* **Requirement**:
In the listing below, a line holding "1997 Silverton 352" and a line holding "Педколлектив и учащиеся" mark the range. Retype both exactly, with all lines between them.

### Information shown

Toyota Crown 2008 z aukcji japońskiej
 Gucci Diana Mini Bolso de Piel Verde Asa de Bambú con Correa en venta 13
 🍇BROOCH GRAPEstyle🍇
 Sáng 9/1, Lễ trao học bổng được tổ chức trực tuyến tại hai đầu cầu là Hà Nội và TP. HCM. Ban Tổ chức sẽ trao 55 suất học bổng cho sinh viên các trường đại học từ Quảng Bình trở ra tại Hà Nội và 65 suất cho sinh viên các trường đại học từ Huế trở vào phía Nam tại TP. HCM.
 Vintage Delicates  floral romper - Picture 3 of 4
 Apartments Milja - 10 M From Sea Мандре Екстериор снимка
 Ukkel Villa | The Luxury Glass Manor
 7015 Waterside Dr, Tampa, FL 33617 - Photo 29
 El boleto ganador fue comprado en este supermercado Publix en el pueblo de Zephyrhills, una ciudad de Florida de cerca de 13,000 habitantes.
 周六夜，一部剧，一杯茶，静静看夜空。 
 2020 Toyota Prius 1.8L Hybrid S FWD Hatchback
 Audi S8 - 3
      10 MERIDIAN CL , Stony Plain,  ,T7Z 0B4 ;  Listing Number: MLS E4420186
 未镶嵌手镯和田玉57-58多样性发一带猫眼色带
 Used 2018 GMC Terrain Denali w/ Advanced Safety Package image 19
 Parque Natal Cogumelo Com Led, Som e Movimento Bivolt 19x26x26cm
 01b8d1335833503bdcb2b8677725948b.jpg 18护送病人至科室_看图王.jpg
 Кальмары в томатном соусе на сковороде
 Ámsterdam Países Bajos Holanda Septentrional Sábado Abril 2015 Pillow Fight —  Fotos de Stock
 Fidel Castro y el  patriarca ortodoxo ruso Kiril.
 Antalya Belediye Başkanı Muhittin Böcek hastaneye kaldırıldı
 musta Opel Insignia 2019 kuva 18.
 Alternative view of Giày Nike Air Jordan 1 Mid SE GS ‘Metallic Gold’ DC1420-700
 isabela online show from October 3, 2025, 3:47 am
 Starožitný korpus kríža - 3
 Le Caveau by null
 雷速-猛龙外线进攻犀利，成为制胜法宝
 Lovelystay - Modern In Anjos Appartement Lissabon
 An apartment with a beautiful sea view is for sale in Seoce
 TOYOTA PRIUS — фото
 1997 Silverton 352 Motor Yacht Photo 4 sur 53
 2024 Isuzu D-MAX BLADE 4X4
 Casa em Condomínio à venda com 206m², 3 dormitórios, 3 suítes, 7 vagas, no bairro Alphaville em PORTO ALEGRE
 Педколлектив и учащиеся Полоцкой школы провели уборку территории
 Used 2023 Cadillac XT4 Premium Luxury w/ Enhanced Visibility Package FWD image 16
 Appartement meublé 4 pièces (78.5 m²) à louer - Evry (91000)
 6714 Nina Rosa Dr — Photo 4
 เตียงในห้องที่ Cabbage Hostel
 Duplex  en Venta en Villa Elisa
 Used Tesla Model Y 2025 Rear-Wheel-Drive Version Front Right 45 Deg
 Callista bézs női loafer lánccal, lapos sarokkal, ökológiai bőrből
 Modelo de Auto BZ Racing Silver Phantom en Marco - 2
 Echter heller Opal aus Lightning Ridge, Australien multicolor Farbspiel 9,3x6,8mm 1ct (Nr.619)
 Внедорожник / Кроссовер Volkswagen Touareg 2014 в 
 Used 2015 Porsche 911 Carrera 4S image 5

######

* **Exercise response**:
 1997 Silverton 352 Motor Yacht Photo 4 sur 53
 2024 Isuzu D-MAX BLADE 4X4
 Casa em Condomínio à venda com 206m², 3 dormitórios, 3 suítes, 7 vagas, no bairro Alphaville em PORTO ALEGRE
 Педколлектив и учащиеся Полоцкой школы провели уборку территории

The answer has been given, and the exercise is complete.